He states that this doubling of arc velocity is done without the application of outside torque; or outside force. We experimentally know that arc velocity and linear velocity are equal; and the doubling of arc velocity is a quadrupling of energy.

But I have a question: why doesn’t the instructor reduce the radius to one tenth? Then the linear velocity would, according to him, increase to ten times as fast.  Or why not reduce the radius to one hundredth; then we could use the 100 times linear velocity to hunt big game.

This is another case of the mr² theory; and it simply does not work. The only (none) experiments that are given is the ice skater. They don’t evaluate the mass or distribution of mass. They don’t measure actual speed or the radii. And they ignore the fact that the mass radius is reduced by using an outside force (muscle). 

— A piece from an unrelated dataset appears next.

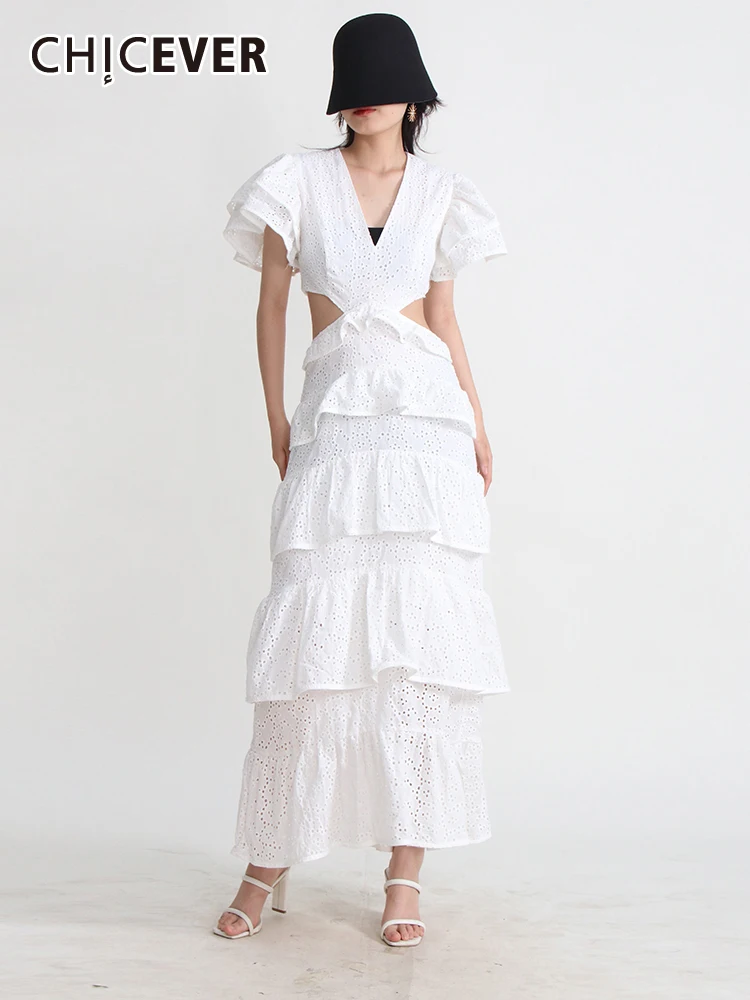 

CHICEVER Hollow Out Elegant Dresses For Women V Enck Short Sleeve High Waist Slimming Solid Tierred Ruffles Maxi Dress Female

Real experiments like Galileo’s pendulum or a double ballistic pendulum or the aluminum rod are ignored and ridiculed.

But this is the chink in their armor that you are looking for. Angular momentum conservation does not apply to objects in the lab; where there is no, deep space like, gravitational acceleration for the mass.

Almost no one will experiment in this area because of a devout belief in the Law of Conservation of Angular Momentum.

A spinning wheel will violently throw smaller objects; and it is mv conservation not angular momentum conservation.